> _TASK STATEMENT_
In the listing below, find the line with "Personaggi orientali in legno" and copy every line from there up to and including the line with "violinist playing the", exactly and without pictures.

** Opening SUPPLIED DATA block **

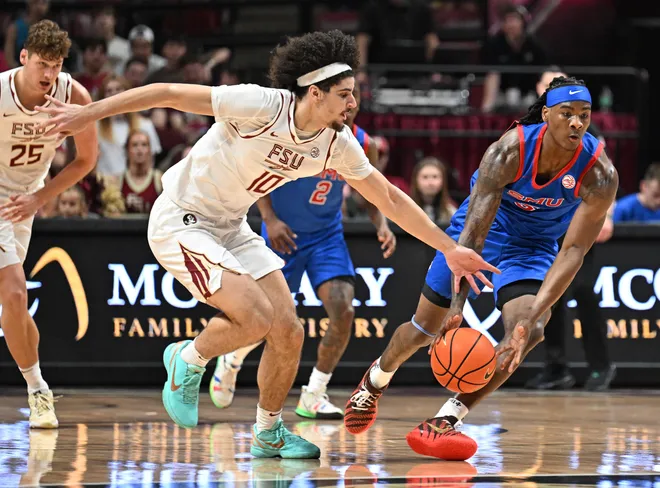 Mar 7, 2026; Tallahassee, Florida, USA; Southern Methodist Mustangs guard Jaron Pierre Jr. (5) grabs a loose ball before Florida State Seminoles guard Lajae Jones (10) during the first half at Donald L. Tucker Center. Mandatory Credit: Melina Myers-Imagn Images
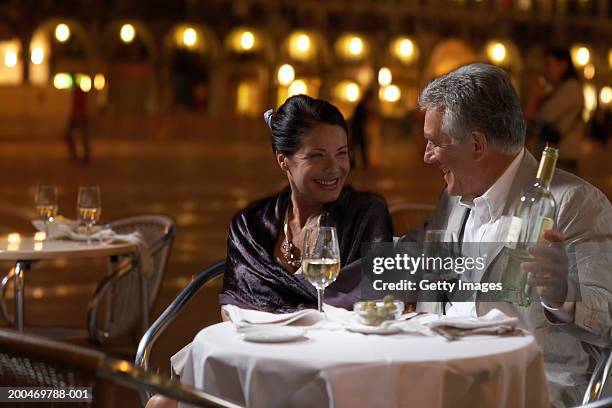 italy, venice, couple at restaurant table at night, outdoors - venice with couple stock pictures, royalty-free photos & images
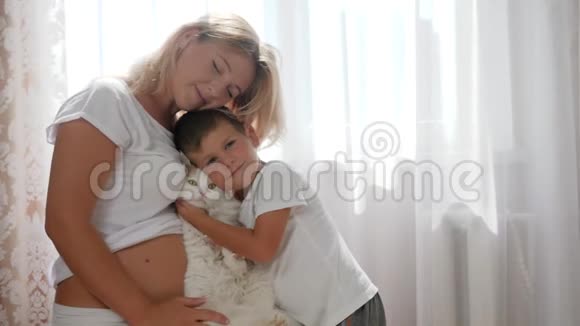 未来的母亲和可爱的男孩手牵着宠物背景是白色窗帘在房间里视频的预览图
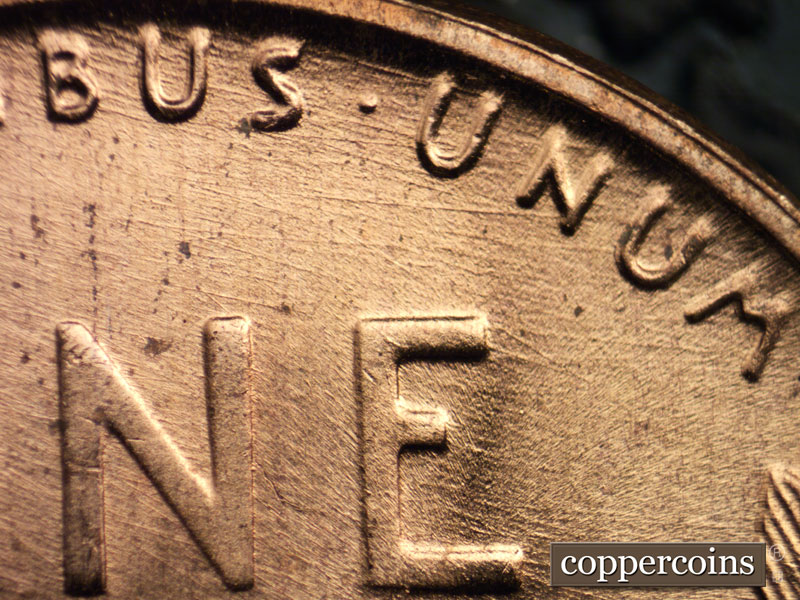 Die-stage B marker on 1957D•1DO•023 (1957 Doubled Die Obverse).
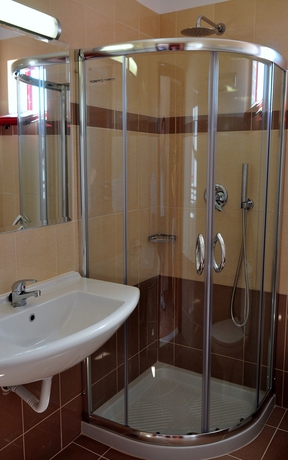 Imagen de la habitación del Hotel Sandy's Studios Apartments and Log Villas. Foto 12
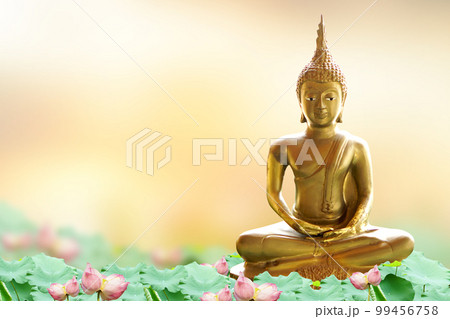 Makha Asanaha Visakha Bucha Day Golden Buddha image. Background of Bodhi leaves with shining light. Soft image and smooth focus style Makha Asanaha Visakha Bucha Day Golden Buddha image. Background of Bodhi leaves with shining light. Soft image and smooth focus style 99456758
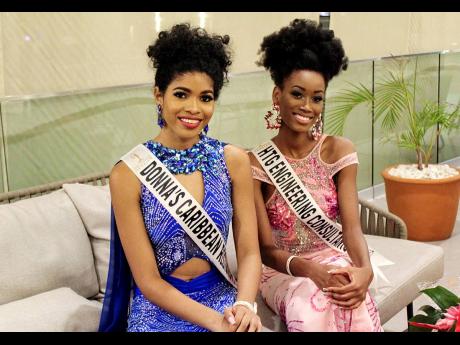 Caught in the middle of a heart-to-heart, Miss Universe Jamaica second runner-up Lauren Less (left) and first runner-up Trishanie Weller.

** Closing SUPPLIED DATA block **
** Opening SUPPLIED DATA block **

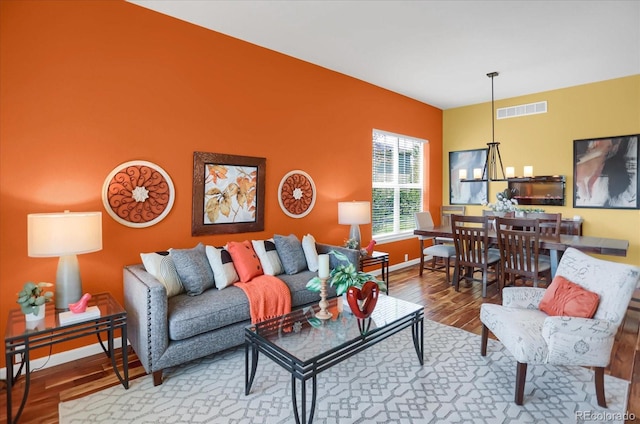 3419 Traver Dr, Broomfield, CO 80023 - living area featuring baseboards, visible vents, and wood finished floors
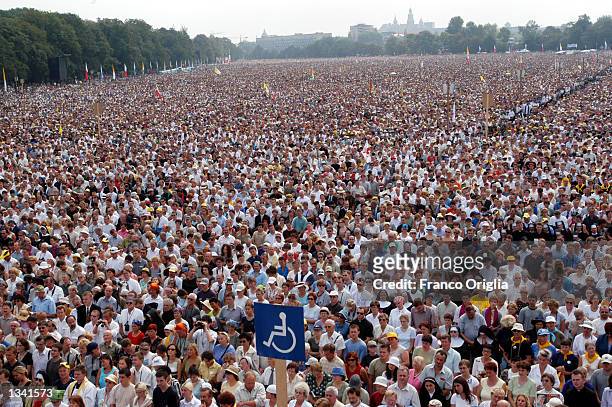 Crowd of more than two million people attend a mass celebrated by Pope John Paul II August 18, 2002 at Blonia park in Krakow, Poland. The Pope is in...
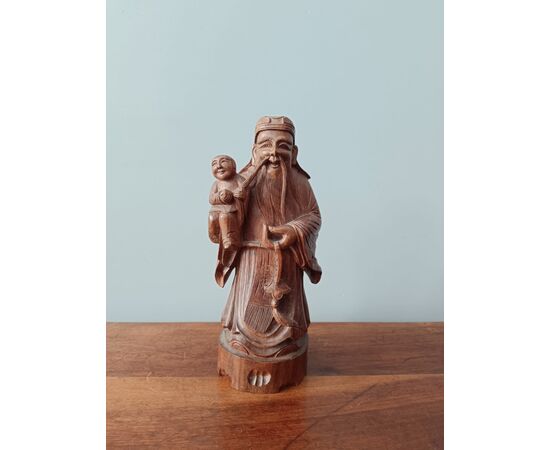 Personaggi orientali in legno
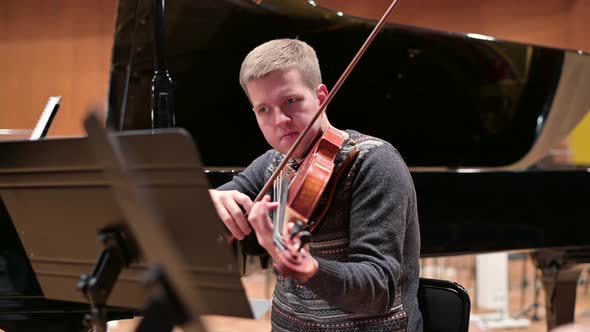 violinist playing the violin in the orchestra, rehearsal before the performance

** Closing SUPPLIED DATA block **
** Opening SUPPLIED DATA block **

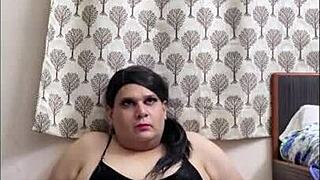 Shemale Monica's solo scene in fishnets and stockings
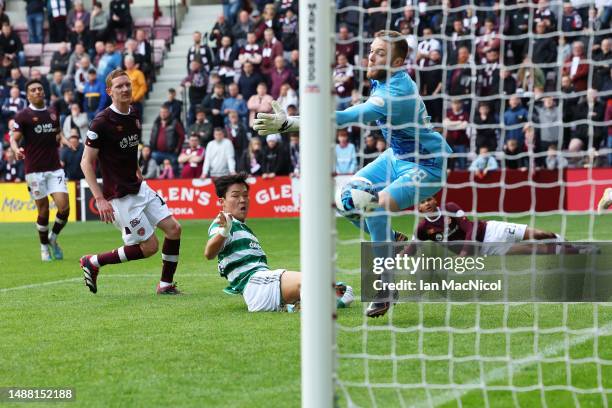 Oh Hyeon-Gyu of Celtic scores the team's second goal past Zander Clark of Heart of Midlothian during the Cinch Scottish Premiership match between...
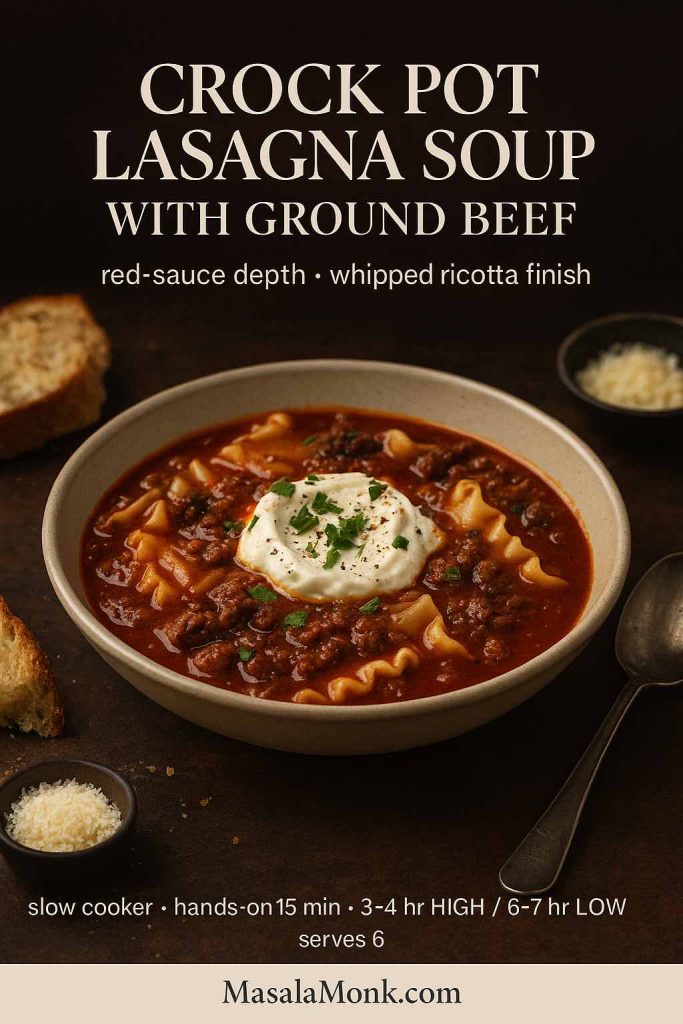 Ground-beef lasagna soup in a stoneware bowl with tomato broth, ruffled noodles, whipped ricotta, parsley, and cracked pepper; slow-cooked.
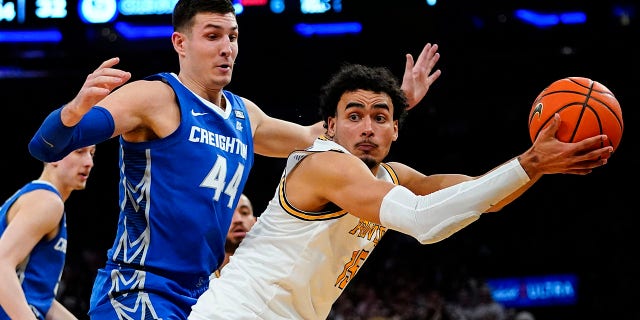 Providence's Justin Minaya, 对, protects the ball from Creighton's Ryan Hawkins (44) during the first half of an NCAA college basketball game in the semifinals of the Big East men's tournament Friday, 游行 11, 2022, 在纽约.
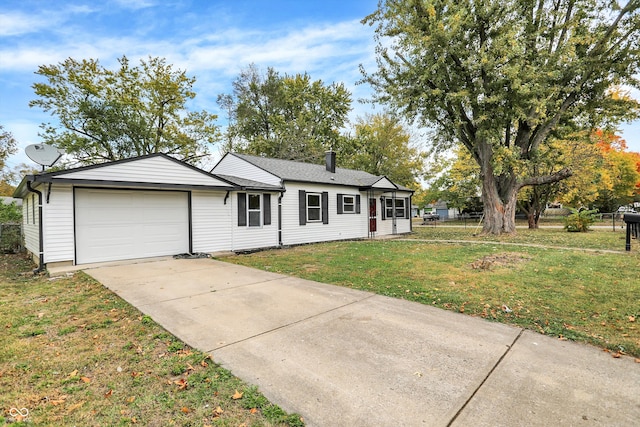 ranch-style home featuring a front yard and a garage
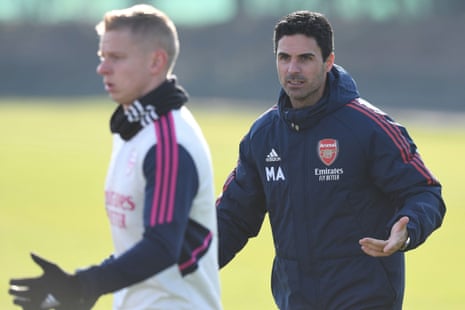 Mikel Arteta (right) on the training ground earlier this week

** Closing SUPPLIED DATA block **

> _RESULT OF THE EXERCISE_
 Personaggi orientali in legno
 violinist playing the violin in the orchestra, rehearsal before the performance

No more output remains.